--- START ---

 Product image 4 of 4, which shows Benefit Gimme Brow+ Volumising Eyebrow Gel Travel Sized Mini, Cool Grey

--- END ---
--- START ---

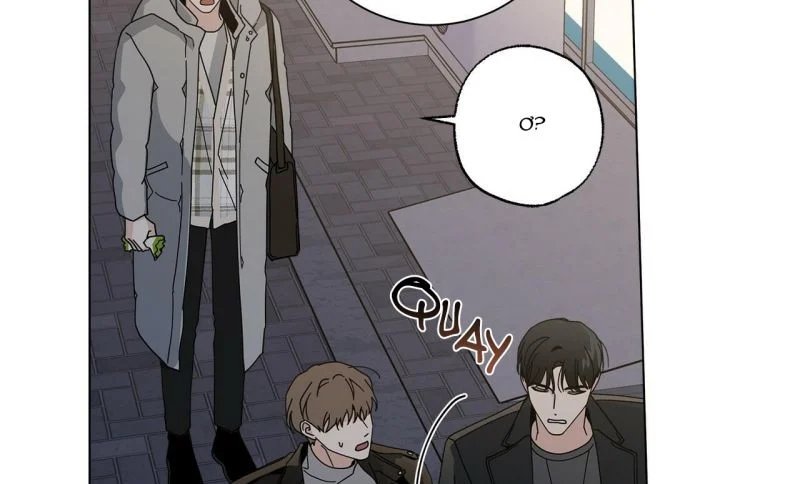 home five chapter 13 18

--- END ---
--- START ---

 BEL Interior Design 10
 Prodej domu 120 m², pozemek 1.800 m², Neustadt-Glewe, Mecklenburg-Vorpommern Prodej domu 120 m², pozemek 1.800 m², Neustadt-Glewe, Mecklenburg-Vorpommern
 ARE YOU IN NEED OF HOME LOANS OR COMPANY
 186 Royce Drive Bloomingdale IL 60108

--- END ---

= Exercise =
All that is wanted is an exact copy of the lines above from the one with "Neustadt-Glewe, Mecklenburg-Vorpommern Prodej" through the one with "186 Royce Drive Bloomingdale IL 60108", with both ends included.

= Response area =
 Prodej domu 120 m², pozemek 1.800 m², Neustadt-Glewe, Mecklenburg-Vorpommern Prodej domu 120 m², pozemek 1.800 m², Neustadt-Glewe, Mecklenburg-Vorpommern
 ARE YOU IN NEED OF HOME LOANS OR COMPANY
 186 Royce Drive Bloomingdale IL 60108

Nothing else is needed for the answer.